Как правило, между собой офицеры в Кронштадте жили очень дружно. Зачастую те, кто были хоть немного побогаче, фактически подкармливали своих более бедных сотоварищей. Из воспоминаний офицера и литератора Ф. В. Булгарина: «Первые из молодых людей, с которыми я познакомился в Кронштадте, были мичман Селиванов (помнится, Александр Семенович) и друг его лейтенант Семичевский, добрые и, как говорится, лихие ребята. Селиванов жил открыто, по своему состоянию, и часто приглашал приятелей на солдатские щи и кашу…»

* * *

Значительно отличалась от службы строевого офицера служба штабных офицеров и адъютантов при больших начальниках. Вот как описывает свое адъютантство уже знакомый нам художник-маринист, а тогда еще лейтенант А. П. Боголюбов: «Тут жизнь моя изменилась, я поступил личным адъютантом к Александру Алексеевичу Дурасову, нашему дивизионеру (командиру дивизии. – В. Ш.), и сделался членом его семейства, ибо обязательно ходил к нему обедать каждый день… Теперь служба моя при адмирале давала звание флаг-офицера, так что поход 1846 года я уже совершил на 110-пушечном корабле “Император Александр I”. Проплавав обычным образом, пришли на зимовку в Ревель. Адмирал поселился на Нарвском форштадте. Следовательно, и я нанял вышку поблизости. Здесь жизнь была другого сорта и товарищество изменилось против кронштадтского. Дурасова все уважали, начиная со старика графа Гейдена (герой Наваринского сражения, в ту пору начальник Ревельского порта. – В. Ш.), а потому опять дом его был центром общественной жизни. К Рождеству я уже имел много знакомых между баронами, графами и дворянами города Ревеля. Весь город давал балы и вечера, весьма аристократические… В сентябре было здесь крупное событие. Это похороны нашего славного первого кругосветного мореплавателя, директора Морского корпуса адмирала Ивана Федоровича Крузенштерна. Умер он в своей мызе Ассе. Печальная церемония началась на Петровском форштадте и шла в Вышгородскую лютеранскую церковь, где он и погребен. Его встретили все три экипажа зимующих здесь кораблей. Войском командовал мой дивизионер А. А. Дурасов… По выходе в море, раз в кают-компании во время штиля офицерство наше развеселилось, и я начал лаять собакой, изображая сердитую и, наконец, вой, когда ее бьют. Адмирал, каюта которого была над нами, в это время сидел у окна и, услышав лай пса, позвал камердинера Степу и спросил его: “Да разве на корабле есть собаки и у кого?” “Да это наш адъютант потешается, Ваше превосходительство, он и петухом очень хорошо поет, уткой крякает и осла представляет”. – “А-а, не знал, ну пусть его тешится”. Когда я пришел к вечернему чаю, добрейший Александр Алексеевич говорит мне: “Знаете, вы так хорошо залаяли, что я просто удивился. Не знал за вами этого нового художества, да и отчего же вы, прежде, не лаяли и не веселились?” “На кубрике, у мичманов, это я давно слышал, Ваше превосходительство, – заявил капитан Струков, – но здесь господин Боголюбов забылся, и, надеюсь, этого больше не будет”. Таким образом, я съел гриб очень горький.
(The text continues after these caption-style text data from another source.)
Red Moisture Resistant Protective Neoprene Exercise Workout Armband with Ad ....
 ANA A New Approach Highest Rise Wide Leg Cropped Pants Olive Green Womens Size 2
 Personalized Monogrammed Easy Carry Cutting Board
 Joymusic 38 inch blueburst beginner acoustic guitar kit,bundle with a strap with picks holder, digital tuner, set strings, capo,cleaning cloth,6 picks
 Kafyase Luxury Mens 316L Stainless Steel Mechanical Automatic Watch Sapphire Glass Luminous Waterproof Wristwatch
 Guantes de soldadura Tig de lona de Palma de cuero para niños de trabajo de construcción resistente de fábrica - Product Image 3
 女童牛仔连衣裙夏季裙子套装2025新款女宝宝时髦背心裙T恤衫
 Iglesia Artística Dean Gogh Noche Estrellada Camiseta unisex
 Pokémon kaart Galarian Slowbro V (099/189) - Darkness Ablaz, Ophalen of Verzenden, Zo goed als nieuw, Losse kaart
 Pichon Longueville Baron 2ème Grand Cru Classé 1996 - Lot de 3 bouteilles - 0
Возвратясь снова в Кронштадт на зимовку, жизнь пошла со старыми приятелями опять приятно и весело. Но вот случилась и невзгода. Наша командирша м-м Беллинсгаузен, не знаю почему, нашла во мне большую перемену в обращении с ее дочерьми и племянницей, хотя я весьма был сдержан вообще, и не стала меня принимать у себя в доме на вечера. За ней последовали и подчиненные, так что я очутился в опале. Кроме меня остракизмом наказали еще пятерых из нашей удалой компании, так что мы еще более сблизились и зажили еще веселее в своем кругу. Доискаться причины невзгоды было нетрудно. Я надоел всем карикатурами и передразниваниями. Засудили и за это. Были еще и другие поэзии, но уж очень пошлые, а потому и не надо их. Конечно, все это вместе взятое не говорило в нашу пользу, и многие гнев Беллинсгаузенши считали справедливым. Все это было незлобно, но, право, только шутливо.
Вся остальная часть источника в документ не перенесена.